Kamis 12 Desember 2024

Kisah Warga Kota Banjar Yang Profesinya Menantang Maut

BANJAR,FOKUSJabar.id: Berbicara perbatasan wilayah tentunya selalu terbayang suguhan suasana yang menonjolkan ikon setiap daerah. Namun, dibalik itu banyak kisah masyarakat yang kurang diketahui.

Seperti aktivitas masyarakat di perairan sungai Cijolang, Kota Banjar yang tepat berada dihimpitan dua Provinsi Jabar dan Jateng. Disana terdapat lika-liku aktivitas masyarakat yang berjuang dengan resiko menantang maut demi mendapatkan rupaih.

Seorang pengangkut derek roda pasir, Kardi menceritakan dirinya setiap hari beraktivitas mengangkut pasir yang baru diturunkan dari perahu penambang pasir di tepian Sungai Cijolang.

Aktivitas tersebut kata dia, bukan sesuatu hal yang mudah, memiliki resiko hingga menantang maut. Namun tetap geluti  lantaran hanya menjadi pengangkut derek roda hasil penambang pasir orang lain yang bisa dilakukannya agar bisa bertahan hidup dan mencukupi kebutuhan keluarganya.

BACA JUGA: Tim Kemenkes RI Tinjau Layanan Vaksinasi Covid-19 Kota Banjar

“Sekarang cari pekerjaan susah, dan saat ini hanya ini yang bisa dilakukan oleh saya jadi dijalani saja mas,” kata dia, Sabtu (27/3/2021).

Kardi mengaku pendapatan sebagai kuli tarik pasir ini hanya sebesar Rp 10 ribu, itupun dibagi dua dengan rekannya. Dirinya mengatakan dalam satu hari itu paling banyak menarik 10 sampai 15 kali roda pasir.

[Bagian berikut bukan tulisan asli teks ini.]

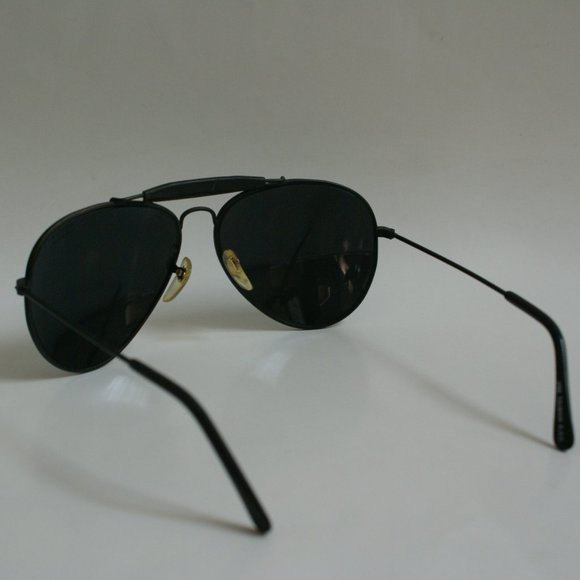 NWT TruVintage Outdoorsman style w/black frame &Super Dark smoke lens sunglasses - Picture 3 of 4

“Kalau nariknya banyak biasanya Rp.75 ribu mas, tapi kan jarang dapat tarikan banyaknya juga,” katanya.

FOKUSJabar.id Perbatasan
Suasana Sungai Cijolang Kota Banjar di Perbatasan Provinsi Jabar-Jateng. (Foto: Budiana)

Kardi mengaku, sempat menjadi tukang tambang pasir langsung yang terjun ke dasar sungai, namun karena usia dirinya memilih menjadi tukang derek  pasir dan menarik perahu, dibanding menjadi tukang tambang langsung berisiko terhadap nyawanya. 

“Air tidak selamanya bersahabat, tapi kami harus bisa mendapatkan galian pasir supaya bisa ditukarkan dengan derai tawa keluarga di rumah, jadi penambang itu berat dan tenanga dan keberanian saya saat ini tidak seperti waktu muda lagi,” kata dia.

Sementara itu Maman mengatakan, seorang penambang pasir itu bekerja di bawah sengatan sinar matahari langsung tapi apapun itu resikonya semuanya tetap tekun menjalaninya agar dapat mendulang recehan dari tumpukan pasir yang dihargai Rp.30 per satu perahunya.

Dalam sehari, Maman menyebutkan, para penambang pasir mengangkut maksimal tiga perahu yang tentunya untuk mendapatkan pasirnya itu memerlukan tenaga ekstra dan stamina yang kuat.

“Belum lagi jika musim kemarau, perairan biasanya mengering dan disitu kami kadang kesulitan mendapatkan pasir, saat itu kami para kuli harus mencari alternatif lain agar tetap bisa mengais rezeki untuk keluarga,” kata dia.